Transcript of 2. Effect of Co2 Saturated Brine on the Conductivity of Wellbore-cement Fractures

  • SPE 139713

    The Effect of CO2-Saturated Brine on the Conductivity of Wellbore-Cement Fractures Tevfik Yalcinkaya, SPE, Mileva Radonjic, Richard G. Hughes, SPE, Clinton S.Willson, Kyungmin Ham, Louisiana State University

    Copyright 2010, Society of Petroleum Engineers This paper was prepared for presentation at the SPE International Conference on CO2 Capture, Storage, and Utilization held in New Orleans, Louisiana, USA, 1012 November 2010. This paper was selected for presentation by an SPE program committee following review of information contained in an abstract submitted by the author(s). Contents of the paper have not been reviewed by the Society of Petroleum Engineers and are subject to correction by the author(s). The material does not necessarily reflect any position of the Society of Petroleum Engineers, its officers, or members. Electronic reproduction, distribution, or storage of any part of this paper without the written consent of the Society of Petroleum Engineers is prohibited. Permission to reproduce in print is restricted to an abstract of not more than 300 words; illustrations may not be copied. The abstract must contain conspicuous acknowledgment of SPE copyright.

    Abstract The efficiency of Carbon Capture and Storage projects is directly related to the long term sealing ability of cemented sections

    in wellbores penetrating CO2 storage reservoirs. The microfractures inside the wellbore cement and/or microannulus are

    possible pathways for CO2 leakage to the surface and/or fresh water aquifers and jeopardize safe and long-term containment

    of CO2 in the subsurface.

    This paper presents an experimental study which investigates the changes inside the cement internal structure when exposed

    to acidic brine through an artificial fracture. A 30-day long flow through experiment was conducted using a 1 in by 12 in.
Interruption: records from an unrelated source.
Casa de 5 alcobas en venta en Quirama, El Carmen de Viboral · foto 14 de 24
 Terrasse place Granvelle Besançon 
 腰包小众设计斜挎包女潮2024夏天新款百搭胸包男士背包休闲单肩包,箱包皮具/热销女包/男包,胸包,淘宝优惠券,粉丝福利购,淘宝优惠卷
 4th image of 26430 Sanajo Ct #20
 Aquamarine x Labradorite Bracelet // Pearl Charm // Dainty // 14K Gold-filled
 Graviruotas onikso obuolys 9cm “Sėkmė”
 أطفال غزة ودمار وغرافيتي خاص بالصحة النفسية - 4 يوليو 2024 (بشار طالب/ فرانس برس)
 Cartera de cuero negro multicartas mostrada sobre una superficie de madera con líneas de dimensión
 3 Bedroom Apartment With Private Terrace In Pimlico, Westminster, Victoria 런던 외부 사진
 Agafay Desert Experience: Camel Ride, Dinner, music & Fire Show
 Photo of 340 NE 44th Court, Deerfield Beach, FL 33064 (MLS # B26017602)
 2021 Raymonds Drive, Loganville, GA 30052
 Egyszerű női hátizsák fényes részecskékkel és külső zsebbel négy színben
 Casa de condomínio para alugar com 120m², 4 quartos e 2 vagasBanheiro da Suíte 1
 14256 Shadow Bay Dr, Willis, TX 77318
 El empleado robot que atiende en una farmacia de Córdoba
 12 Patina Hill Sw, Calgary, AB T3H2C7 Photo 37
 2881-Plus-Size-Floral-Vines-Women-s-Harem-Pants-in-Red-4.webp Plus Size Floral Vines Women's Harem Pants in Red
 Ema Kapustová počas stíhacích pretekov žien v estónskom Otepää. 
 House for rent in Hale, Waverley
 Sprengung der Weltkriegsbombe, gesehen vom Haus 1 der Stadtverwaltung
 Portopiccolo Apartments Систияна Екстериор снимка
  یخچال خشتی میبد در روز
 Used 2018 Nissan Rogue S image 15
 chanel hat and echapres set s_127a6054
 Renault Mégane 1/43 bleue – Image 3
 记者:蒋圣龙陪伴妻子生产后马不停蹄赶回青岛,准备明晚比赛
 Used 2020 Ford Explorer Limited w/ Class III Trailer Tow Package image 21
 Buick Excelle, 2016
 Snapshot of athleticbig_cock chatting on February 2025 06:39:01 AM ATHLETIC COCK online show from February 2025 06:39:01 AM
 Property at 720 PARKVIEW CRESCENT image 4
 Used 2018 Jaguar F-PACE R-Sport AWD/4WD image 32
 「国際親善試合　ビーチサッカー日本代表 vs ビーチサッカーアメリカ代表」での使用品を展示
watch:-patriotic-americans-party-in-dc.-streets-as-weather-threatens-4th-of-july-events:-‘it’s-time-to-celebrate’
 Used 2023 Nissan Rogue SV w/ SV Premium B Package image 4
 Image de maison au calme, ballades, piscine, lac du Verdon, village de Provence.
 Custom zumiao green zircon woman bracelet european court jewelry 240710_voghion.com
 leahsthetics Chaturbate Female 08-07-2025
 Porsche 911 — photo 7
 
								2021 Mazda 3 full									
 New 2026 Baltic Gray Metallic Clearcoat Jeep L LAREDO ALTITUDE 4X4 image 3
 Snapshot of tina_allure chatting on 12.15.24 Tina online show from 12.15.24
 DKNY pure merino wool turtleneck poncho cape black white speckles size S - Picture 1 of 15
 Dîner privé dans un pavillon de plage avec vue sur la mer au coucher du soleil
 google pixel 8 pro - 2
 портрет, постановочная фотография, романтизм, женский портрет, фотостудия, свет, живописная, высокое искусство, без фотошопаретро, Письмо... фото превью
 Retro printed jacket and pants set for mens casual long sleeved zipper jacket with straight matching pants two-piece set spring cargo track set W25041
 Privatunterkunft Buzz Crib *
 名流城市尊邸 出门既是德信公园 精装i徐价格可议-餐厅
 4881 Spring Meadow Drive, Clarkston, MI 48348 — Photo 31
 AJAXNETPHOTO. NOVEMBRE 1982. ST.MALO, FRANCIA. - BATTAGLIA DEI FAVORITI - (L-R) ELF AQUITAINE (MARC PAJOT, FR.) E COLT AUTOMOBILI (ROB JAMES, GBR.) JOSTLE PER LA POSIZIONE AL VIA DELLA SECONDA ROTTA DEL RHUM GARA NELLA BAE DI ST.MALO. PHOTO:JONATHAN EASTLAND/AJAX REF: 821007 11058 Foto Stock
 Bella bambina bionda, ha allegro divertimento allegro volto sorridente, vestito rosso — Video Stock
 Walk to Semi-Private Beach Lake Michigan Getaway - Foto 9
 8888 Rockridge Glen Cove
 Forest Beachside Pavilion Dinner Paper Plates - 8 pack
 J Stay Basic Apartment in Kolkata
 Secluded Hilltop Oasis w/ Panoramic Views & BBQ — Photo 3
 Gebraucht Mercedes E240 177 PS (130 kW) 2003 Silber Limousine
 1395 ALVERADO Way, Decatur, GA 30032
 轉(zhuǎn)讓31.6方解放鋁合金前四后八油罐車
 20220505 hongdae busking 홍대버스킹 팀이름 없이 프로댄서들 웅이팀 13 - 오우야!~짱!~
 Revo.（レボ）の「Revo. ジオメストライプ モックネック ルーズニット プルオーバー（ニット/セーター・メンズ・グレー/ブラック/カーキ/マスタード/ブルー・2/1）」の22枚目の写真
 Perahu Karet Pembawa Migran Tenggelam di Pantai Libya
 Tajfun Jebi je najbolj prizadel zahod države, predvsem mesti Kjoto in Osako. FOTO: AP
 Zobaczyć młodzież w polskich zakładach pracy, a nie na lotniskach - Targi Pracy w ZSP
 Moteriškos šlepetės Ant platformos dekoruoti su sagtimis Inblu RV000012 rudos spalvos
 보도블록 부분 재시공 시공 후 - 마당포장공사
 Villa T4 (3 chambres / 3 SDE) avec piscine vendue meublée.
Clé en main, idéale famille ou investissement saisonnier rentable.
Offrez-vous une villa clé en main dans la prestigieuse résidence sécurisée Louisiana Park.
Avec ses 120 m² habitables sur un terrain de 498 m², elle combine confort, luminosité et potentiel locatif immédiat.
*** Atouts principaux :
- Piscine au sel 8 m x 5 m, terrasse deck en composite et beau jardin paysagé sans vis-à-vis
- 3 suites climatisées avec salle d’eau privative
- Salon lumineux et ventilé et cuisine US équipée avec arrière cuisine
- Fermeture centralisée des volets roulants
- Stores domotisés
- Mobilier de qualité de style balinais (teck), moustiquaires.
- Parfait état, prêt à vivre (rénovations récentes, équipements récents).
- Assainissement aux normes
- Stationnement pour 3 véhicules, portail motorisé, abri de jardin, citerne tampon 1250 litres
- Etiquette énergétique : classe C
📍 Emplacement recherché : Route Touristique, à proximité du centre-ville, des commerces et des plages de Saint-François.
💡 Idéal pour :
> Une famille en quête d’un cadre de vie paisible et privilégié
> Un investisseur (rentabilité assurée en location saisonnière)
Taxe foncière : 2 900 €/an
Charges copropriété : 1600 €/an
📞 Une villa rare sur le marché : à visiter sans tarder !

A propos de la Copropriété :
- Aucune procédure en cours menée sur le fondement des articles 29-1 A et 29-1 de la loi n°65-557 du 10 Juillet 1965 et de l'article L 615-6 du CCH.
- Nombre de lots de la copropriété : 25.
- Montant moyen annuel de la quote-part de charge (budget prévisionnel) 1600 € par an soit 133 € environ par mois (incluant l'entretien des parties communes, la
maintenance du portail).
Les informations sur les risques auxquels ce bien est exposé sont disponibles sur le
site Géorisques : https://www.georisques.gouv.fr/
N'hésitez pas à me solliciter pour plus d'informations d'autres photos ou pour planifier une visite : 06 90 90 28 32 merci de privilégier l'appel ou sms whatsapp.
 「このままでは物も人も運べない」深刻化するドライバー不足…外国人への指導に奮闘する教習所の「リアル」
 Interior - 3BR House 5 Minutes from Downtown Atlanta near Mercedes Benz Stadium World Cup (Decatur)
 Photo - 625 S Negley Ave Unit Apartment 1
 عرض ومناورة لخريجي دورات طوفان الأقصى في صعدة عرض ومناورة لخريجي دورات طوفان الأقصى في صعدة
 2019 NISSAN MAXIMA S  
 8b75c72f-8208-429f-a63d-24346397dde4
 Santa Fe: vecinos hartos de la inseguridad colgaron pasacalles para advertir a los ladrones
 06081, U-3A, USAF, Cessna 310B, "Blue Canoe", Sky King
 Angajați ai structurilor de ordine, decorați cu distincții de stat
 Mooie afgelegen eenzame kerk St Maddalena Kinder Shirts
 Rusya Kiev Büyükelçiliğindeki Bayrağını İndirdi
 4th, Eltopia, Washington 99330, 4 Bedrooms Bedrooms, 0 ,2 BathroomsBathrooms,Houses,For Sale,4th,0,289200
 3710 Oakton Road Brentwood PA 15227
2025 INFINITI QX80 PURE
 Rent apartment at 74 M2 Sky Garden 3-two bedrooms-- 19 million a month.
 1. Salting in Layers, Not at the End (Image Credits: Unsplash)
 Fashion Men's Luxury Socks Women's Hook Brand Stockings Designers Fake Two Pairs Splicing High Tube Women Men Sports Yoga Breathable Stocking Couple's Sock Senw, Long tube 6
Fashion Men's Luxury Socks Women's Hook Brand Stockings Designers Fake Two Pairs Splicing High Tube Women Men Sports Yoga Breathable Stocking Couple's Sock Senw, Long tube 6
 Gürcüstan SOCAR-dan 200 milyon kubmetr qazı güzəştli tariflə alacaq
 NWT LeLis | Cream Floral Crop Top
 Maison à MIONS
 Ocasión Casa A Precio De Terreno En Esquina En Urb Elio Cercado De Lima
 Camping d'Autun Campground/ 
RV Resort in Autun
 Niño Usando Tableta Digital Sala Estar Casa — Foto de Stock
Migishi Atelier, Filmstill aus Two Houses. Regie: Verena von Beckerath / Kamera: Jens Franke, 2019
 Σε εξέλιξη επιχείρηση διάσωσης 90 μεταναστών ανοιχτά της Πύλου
    cement core and CO2 saturated brine, as a permeant, at a flow rate of 2 ml/min in a core flooding apparatus with10 psi and

    600 psi of injection and net overburden pressures (Low Pressure-LP experiment). The same experiment was repeated with

    1800 psi and 600 psi of injection and net overburden pressures for 10 days in order to account for the effects of pressure on

    the degradation process of cement (High Pressure-HP experiment). High-resolution X-ray computed tomography was used to

    image several subvolumes extracted from the flow-through cores. The images were processed and thresholded, followed by

    calculation of porosity. Total porosity was observed to decrease from 26% to 22% after 30 days of exposure of LP

    experiment. The HP experiment did not cause any significant change in total porosity possibly due to the short duration of the

    experiment.

    Introduction At the current state, Carbon Capture and Storage (CCS) technology offers a feasible solution to mitigate the problem of

    increasing atmospheric CO2. Risk assessment of a CO2 storage project requires an evaluation of the integrity of the wellbore

    network to be analyzed against the possible leakage scenarios over extended time scales (Bachu, 2009). An understanding

    about the behavior of microannulus or cement fractures under sequestration conditions is essential in order to analyze the

    integrity of existing wellbores and their extended service life under conditions for which they may not have been designed.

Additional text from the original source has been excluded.